New Year's Day letter
The New Year's Day letter read:
Dear Friend,
Just a few line[s] to let you hear from me [.] I am well an[d] hope you are the same. This is what I said on that [C]hristmas card. From W. J. H. With L. [love] I hope you will understand what I mean. That is what I said[.] [N]ow please don’t get angry with me because you can never tell what may get in some body[.] I did not put it in there my self. God did[.] I can't help what he does[,] can I[?] I know you don’t think much of our kind of people but we don’t hate you all[.] [W]e want to be your all friends but you want let us [.] [P]lease don't let any body see this[.] I hope I haven't made you [mad.] [I]f I did tell me about it an[d] I will [forget] about it. I wish this was [a] northern state[.] I guess you call me fresh. Write an[d] tell me what you think of me[,] good or bad. Sincerely yours, with, [sic]
     From Y.K.W.
Fo[r] Cynthia Goff
I love your name. I love your voice, for a S.H. [sweetheart] you are my choice.

Reaction to letter and death of Willie James Howard
Cynthia was offended by the card and letter, and gave them to her father A.P. "Phil" Goff, the Live Oak postmaster and a former state legislator.

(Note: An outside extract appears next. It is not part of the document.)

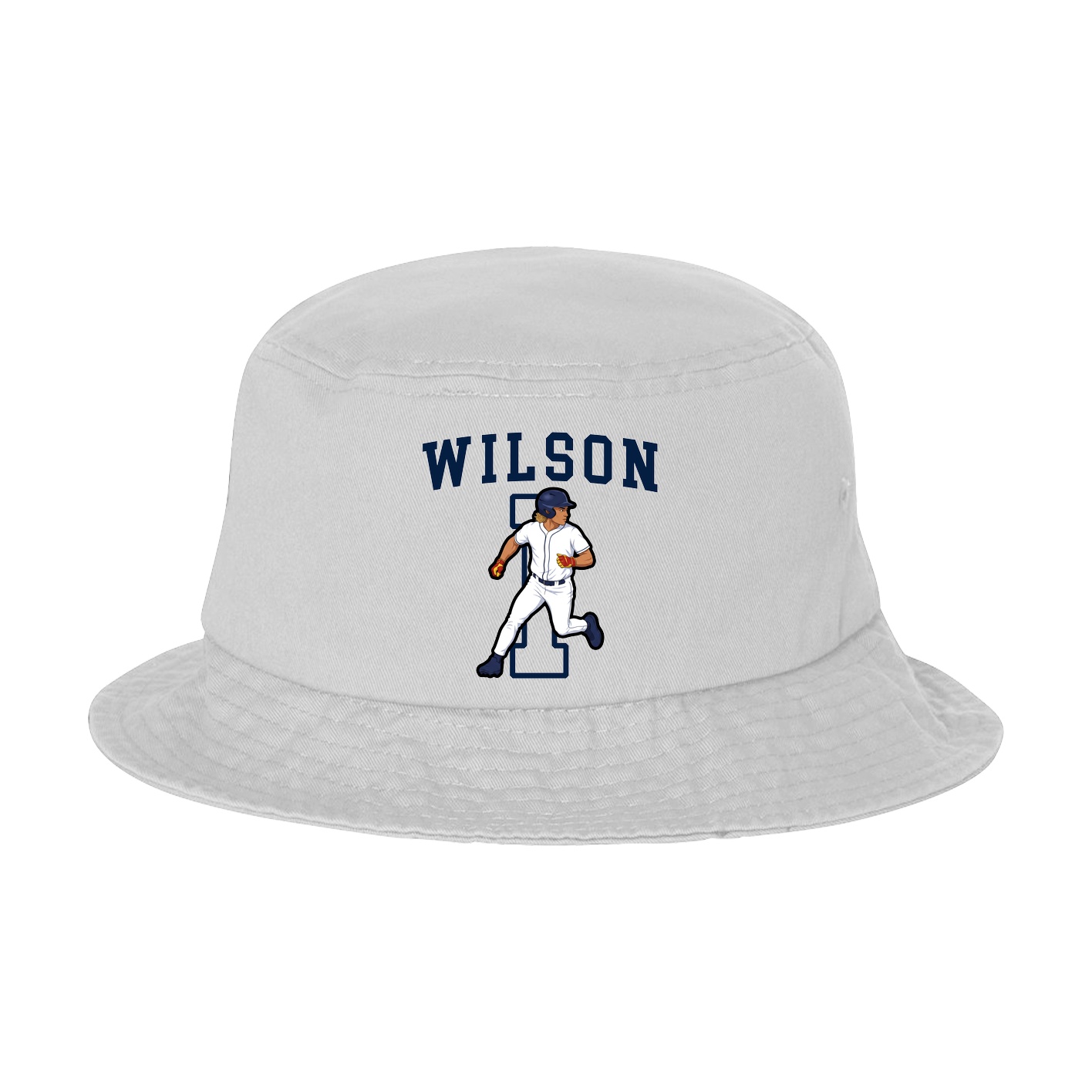 Bucket Cap — Shirsey in White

Goff, along with S.B. McCullers and Reg H. Scott, allegedly went to Willie's house and took the youth from his mother at gunpoint. They picked up Willie's father, James Howard, at the Bond-Howell Lumber Company where he worked, then drove to the Suwannee River east of Suwannee Springs, where they bound Willie by the hands and feet, and forced the youth to choose between getting shot and jumping into the Suwannee River. After his father said he could do nothing to save him, Willie jumped into the river and drowned. Goff, McCullers, and Scott signed an affidavit which stated that they had only wanted James Howard to whip his son and, rather than be whipped by his father, Willie had committed suicide by jumping into the river. James Howard also signed the affidavit, but after selling his home and moving to Orlando, he recanted. Harry T. Moore, of the NAACP, interviewed the parents. After a county grand jury failed to indict, Moore was able to get a federal investigation started, but no convictions followed. Goff, McCullers, and Scott died without having to face murder charges.

Aftermath
A documentary film on the murder, Murder on the Suwannee River, was produced in 2006 by Marvin Dunn, a historian, who tried to get Charlie Crist, then attorney general and later governor of Florida, to reopen the case, but to no avail; neither was his case investigated under the Emmett Till Unsolved Civil Rights Crime Act. It is frequently cited as comparable to the case of Emmett Till, who was also lynched (at age 14) for allegedly making advances at a white woman at a grocery store.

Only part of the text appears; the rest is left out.